Pretty! I was satisfied with this for maybe twelve hours. I thought that it could be nice if it could be animated, or something. Doing this in OCaml was out of the question; I have no intention of installing Cairo and a host of dependencies and bindings just to be able to. Using Processing would have been an alternative; I find it, however, crude and unresponsive. Flash would have been ideal, as I'm impressed with Krazydad's wizardry. This would have the unfortunate prerequisite of me having to learn to program Flash in the first place, which is something I have not in my plans for the foreseeable future. I could have used Java, I could…

I remembered I had downloaded Top Draw. I don't think it has animation capabilities; it sits, I think, squarely in the category of "toys". It has, however, a strong graphics model, with filters and compositing inherited from Quartz. Its documentation is succint but informative, and it's Javascript, so I would feel at home.

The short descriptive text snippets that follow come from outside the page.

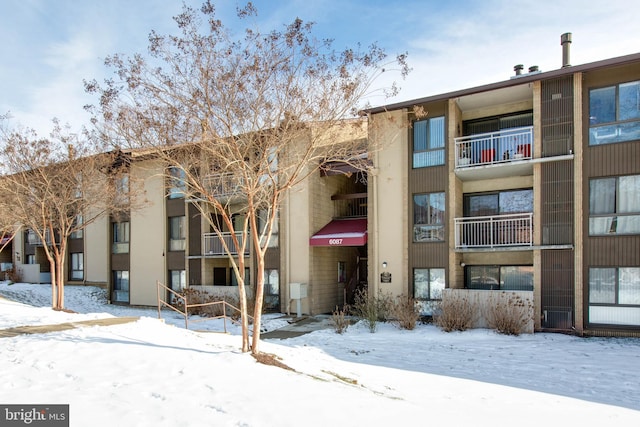 view of snow covered building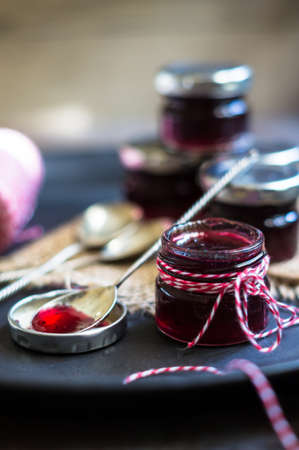 fruity jam and vintage spoons on the old black stone backgroundの写真素材
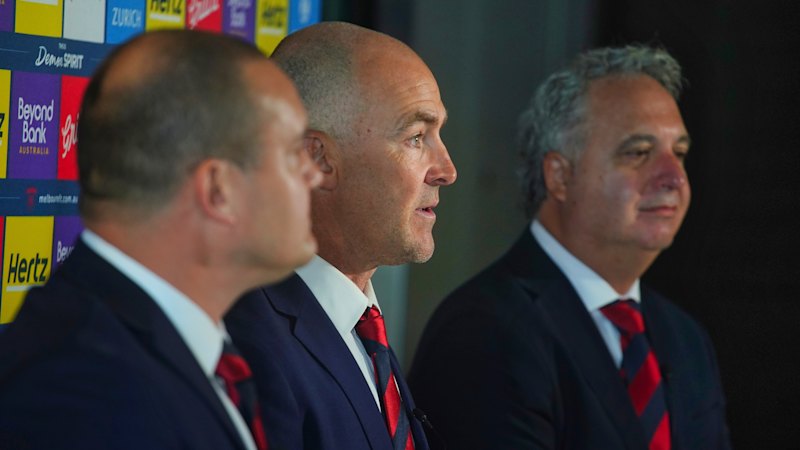 Seven weeks after his retirement party, this veteran footy boss is back to help the Demons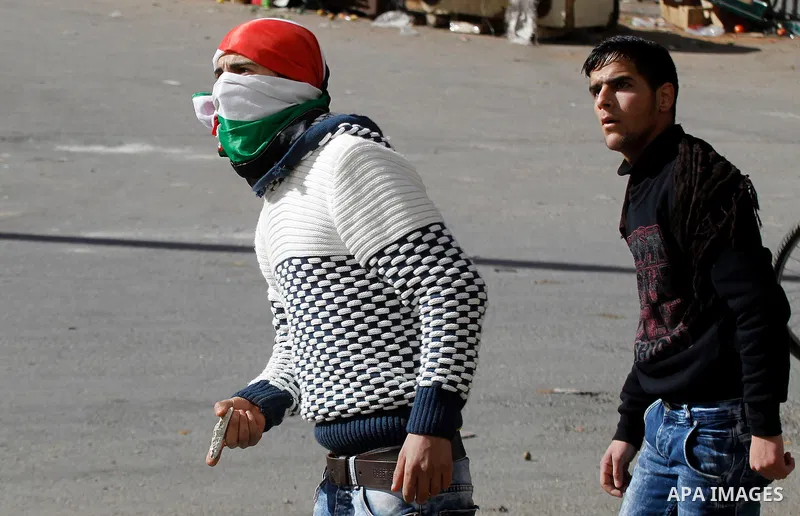A Palestinian protester hurls stones toward Israeli security forces during clashes following the funeral of Kalzar al-Uweiwi, a Palestinian teenager who was killed a day earlier following a reported stabbing attack, in t...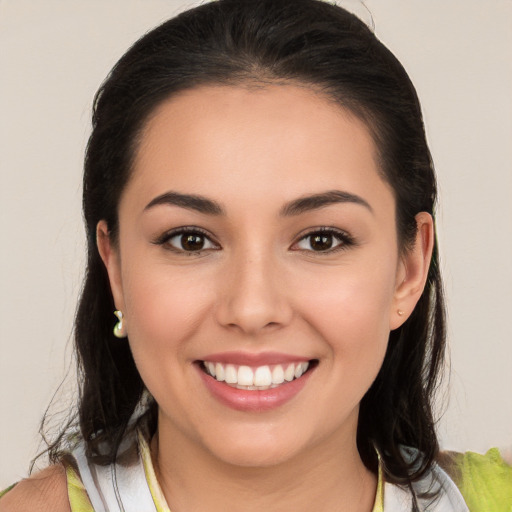 Joyful white young-adult female with medium  brown hair and brown eyes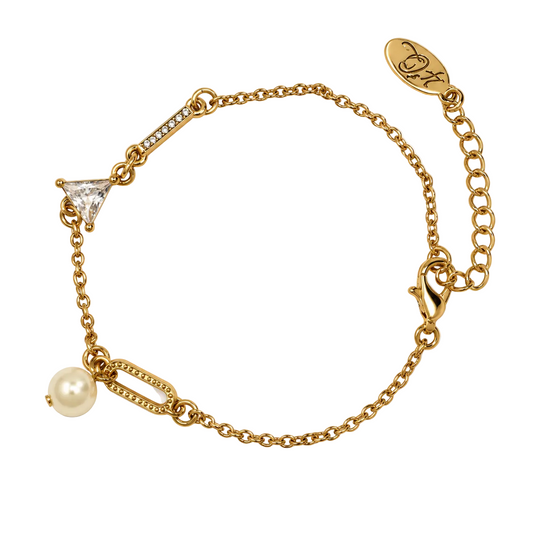 Gold-tone pearl and crystal charm bracelet on white background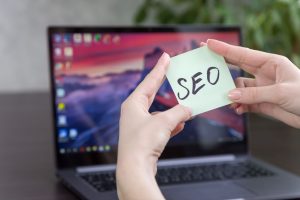 Ręce trzymające karteczkę z napisem "SEO" - Pozycjonowanie strony w Niemczech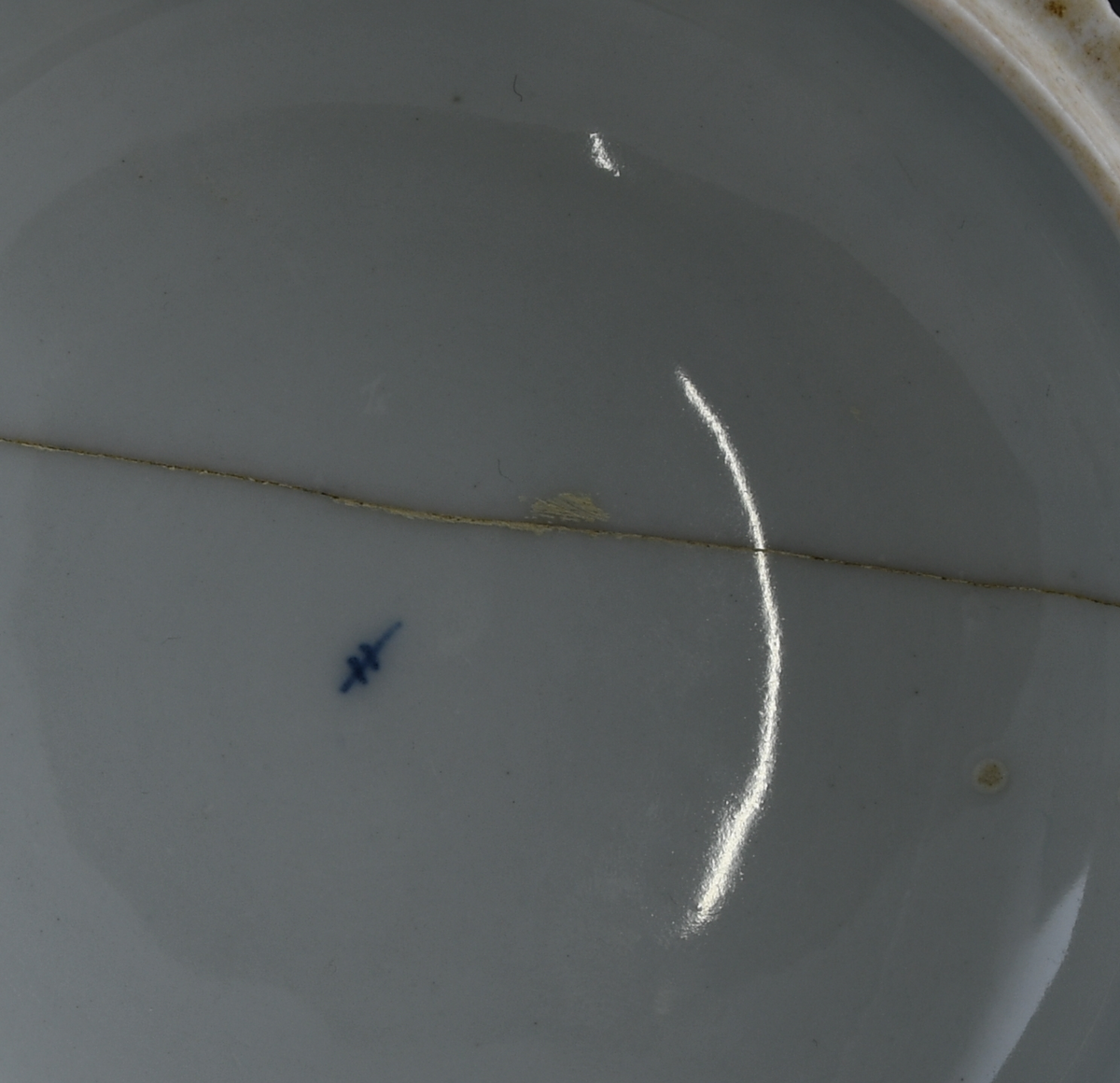 Sukkerskål av glassert porselen, med lokk. Skålen har hvit grunnfarge, og håndmalt dekor av blått stråmønster, eller musselmaling. Skålen og lokket er kannelert på utsiden. En knott på lokket har form nesten som spisskål. Lokket har knekt i to og bollen har avknekt et skår, begge er limt sammen igjen.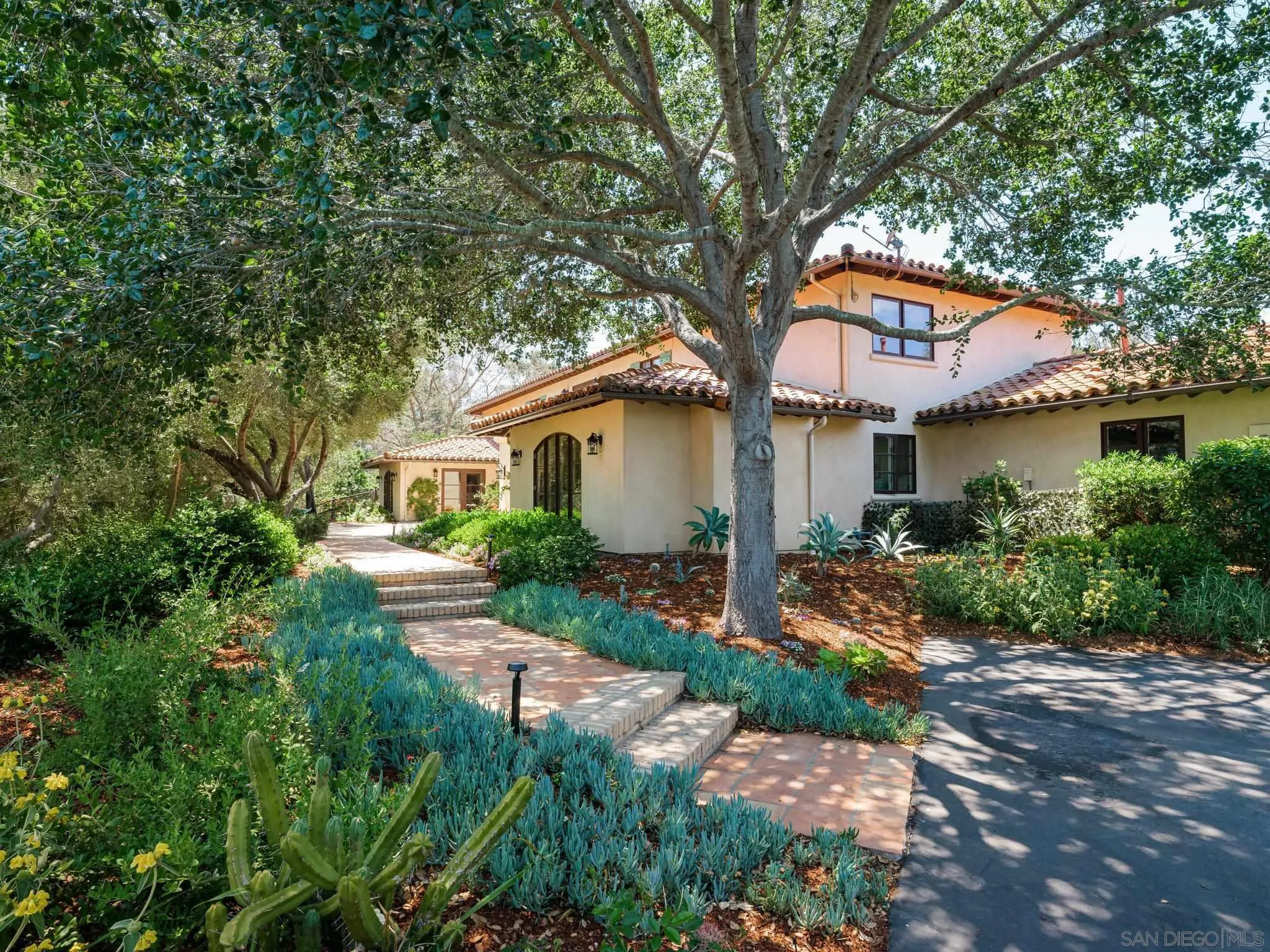 a front view of a house with a garden and outdoor seating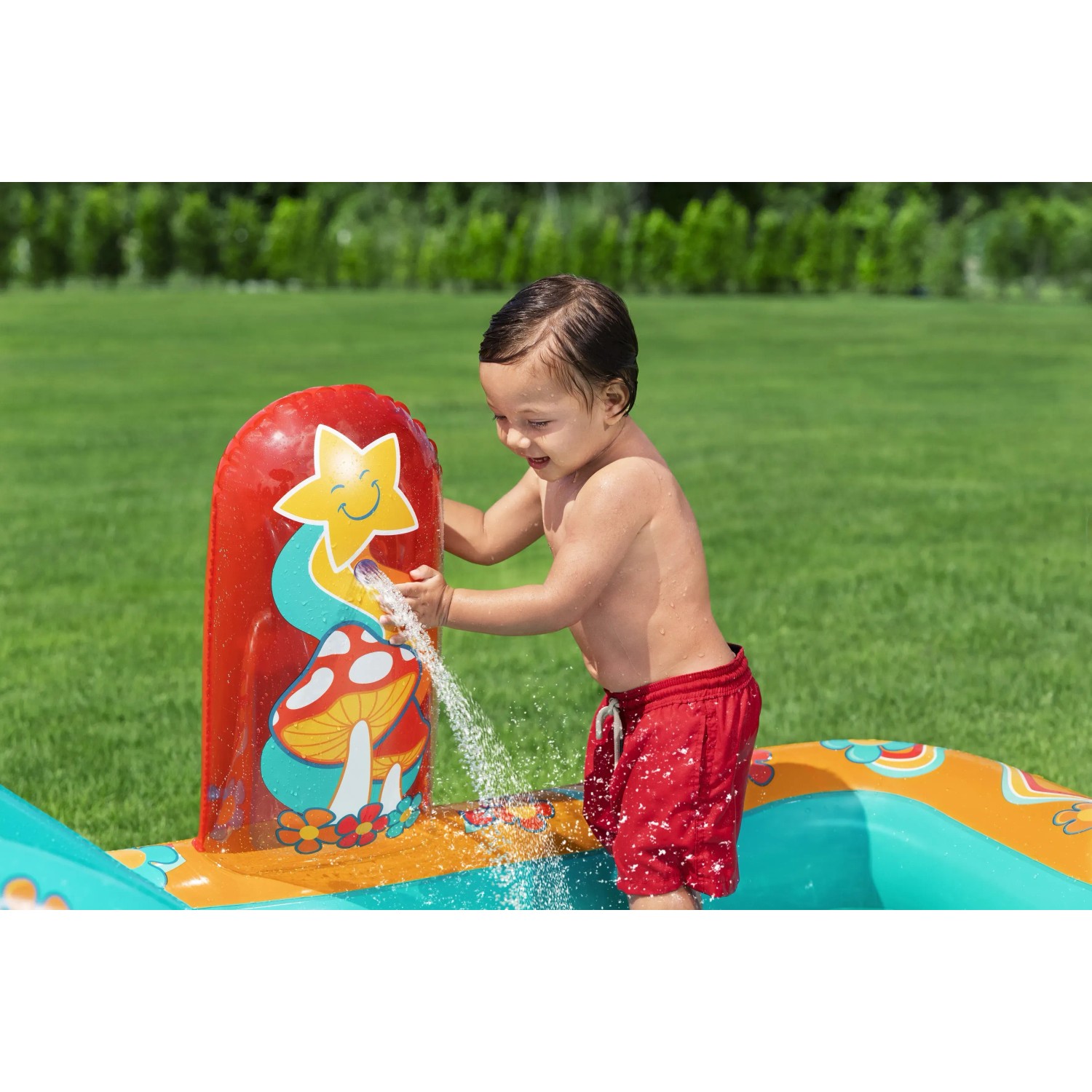 Kind spielt mit Bestway Wasserspielcenter Retro Welt mit Rutsche und Sprinkler im Garten.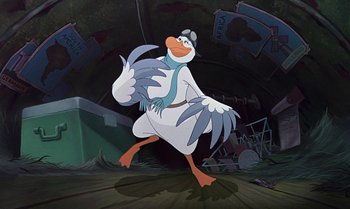 Movie still from “The Rescuers Down Under” (1990), directed by Mike Gabriel – A cartoon of a bird that is standing in the grass; Medium shot, Low angle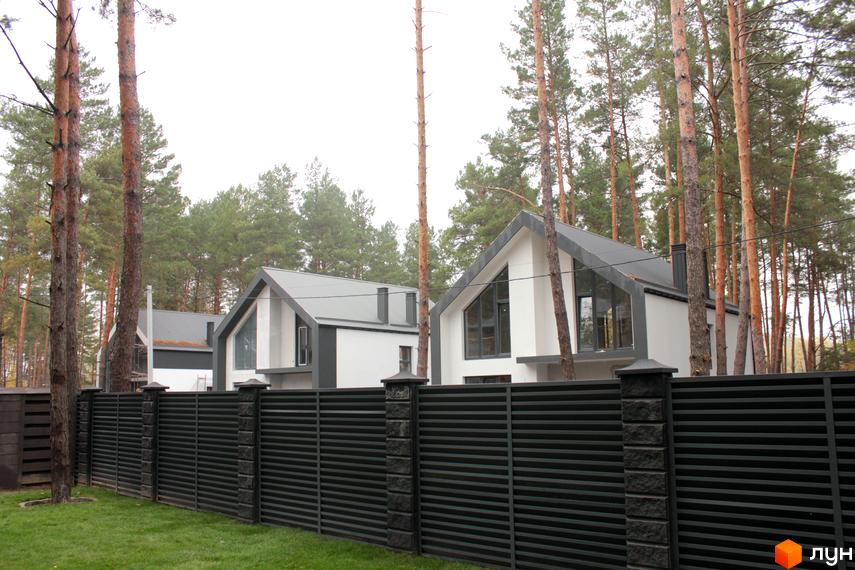 Котеджне містечко Квітка Полонини. Білі будинки з сірими дахами за чорним парканом, навколо дерева та зелена трава.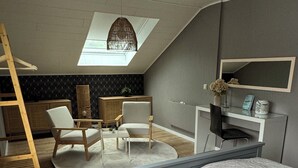 Un dormitorio estilo loft moderno con techo inclinado, tragaluces, cama con cubrecama blanco acolchado, escritorio con silla y escalera de madera.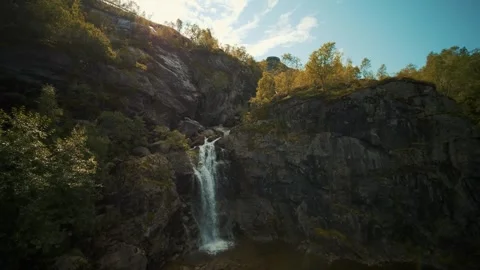 Breathtaking Waterfall Cascading Over Rock Formations Stock Footage 323301633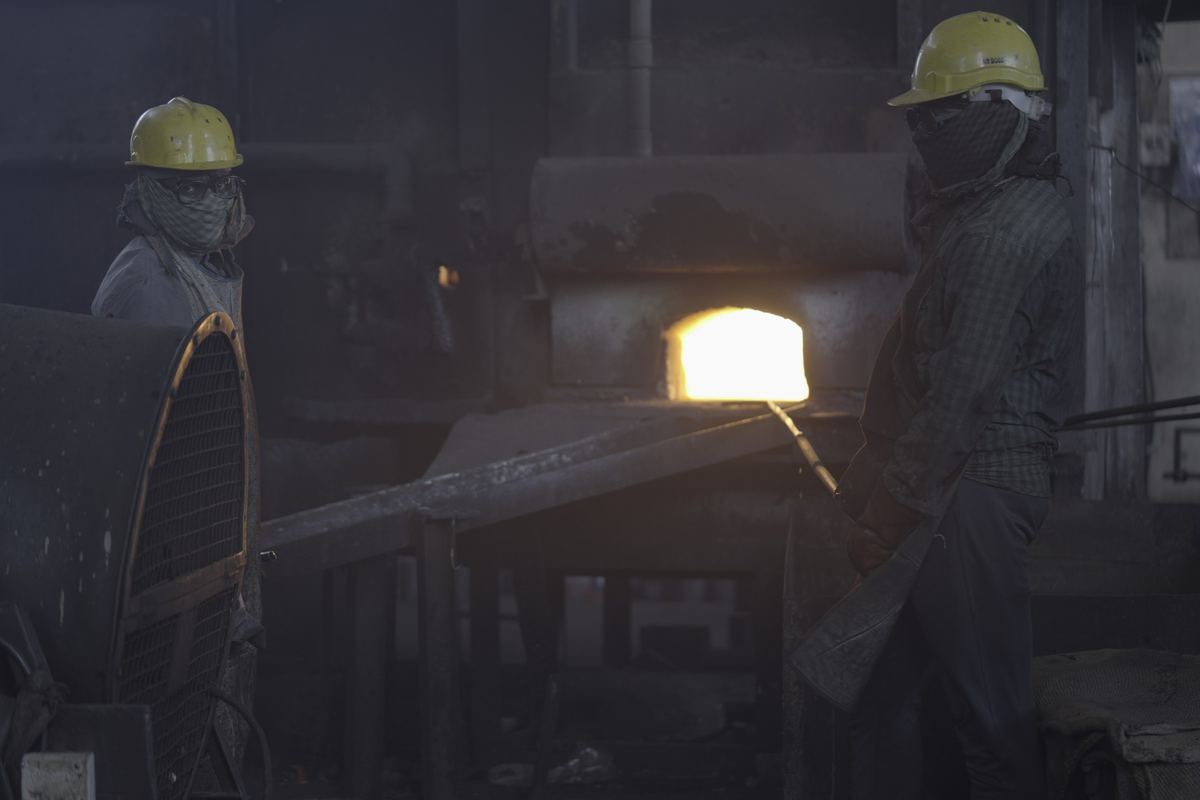 Two forging shop workers in hard hats and masks beside a glowing furnace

It turns out that Mathematica's retained model means that I could forget about scaling and layout; with Top Draw, those considerations must be taken into account:

```var bounds = desktop.bounds;
var cx = bounds.x + bounds.width  / 2;
var cy = bounds.y + bounds.height / 2;
```

I had a choice between showing most of the graphic or filling most of the screen; it's a matter of a `min` over a `max`:

```var sz = Math.max(bounds.width, bounds.height) / 2;
```

Again, the drawing should be generated with a simple call:

```desktop.fillLayer(new Color(0));
wheel(12, 16);
```

The function `wheel` is where the fun begins (pun not intended). It takes two parameters, the number m of layers and the number n of rhombs to place around the circle. It starts by validating the inputs:

```function wheel(m, n) {
if (m < 1 || n < 5) return;
```

Each rhomb has a color determined by its position on the graphic. Each would be placed two n-ths of the way around the circle, or α = π / n. Some trigonometry shows that the diagonal of the rhomb is t = (1 + tan α)/(1 - tan α), and d is the distance to the center of the rhomb. As you can see, the rhombs grow exponentially with a factor of 1/(cos α - sin α); in order to make the entire drawing fit the prescribed size I must calculate the starting radius r accordingly:

```  var color = new Color();
var a = Math.PI / n;
var k = Math.cos(a), s = Math.sin(a);
var t = (k + s) / (k - s);
var d = k + s * t;
var r = sz * Math.pow(k - s, m);
```

Each tier of rhombs e has a particular saturation and brightness computed as a fraction of the total:

```  for (var e = 0; e != m; e++) {
color.saturation = 0.5*(1 + e/m); // 0.5 -- 1.0
color.brightness = 0.5*(2 - e/m); // 1.0 -- 0.5
```

The rhombs spiral out of the center, since each tier is started at an angle of α from the previous one. This makes the new rhombs interlock between a pair of preexisting rhombs at the current point x, y:

```    for (var i = 0; i != n; i++) {
var b = (2*i + e) * a;
var x = r * Math.cos(b), y = r * Math.sin(b);
```

(As you might have noticed, all angles are relative to the semicircle; that is, they are actually half-angles). The hue is relative to the position around the circle:

```      color.hue = i / n;
desktop.fillStyle = color;
desktop.beginPath();
```

Two of the rhomb's four corners are aligned with the current point; the two others are at an angle of α at either side. Instead of computing six sines and cosines, I use the formulas for the sum and difference of angles:

```      desktop.moveTo(cx + x, cy + y);
desktop.lineTo(cx + d * (k * x - s * y), cy + d * (k * y + s * x));
desktop.lineTo(cx + t * x, cy + t * y);
desktop.lineTo(cx + d * (k * x + s * y), cy + d * (k * y - s * x));
desktop.lineTo(cx + x, cy + y);
desktop.fill();
}
```

As I've indicated above, the drawing is done relative to the center of the desktop. And that's it. It only remains to scale the radius for the next tier:

```    r /= k - s;
}
}
```

Now it is clear that is important that n > 4 so that 0 < cos α - sin α < 1. The result of this program is essentially identical to the previous one:

With the added bonus that now I can start playing with filters and tweaks in real-time until I'm satisfied, or tired, or both. Let the games begin!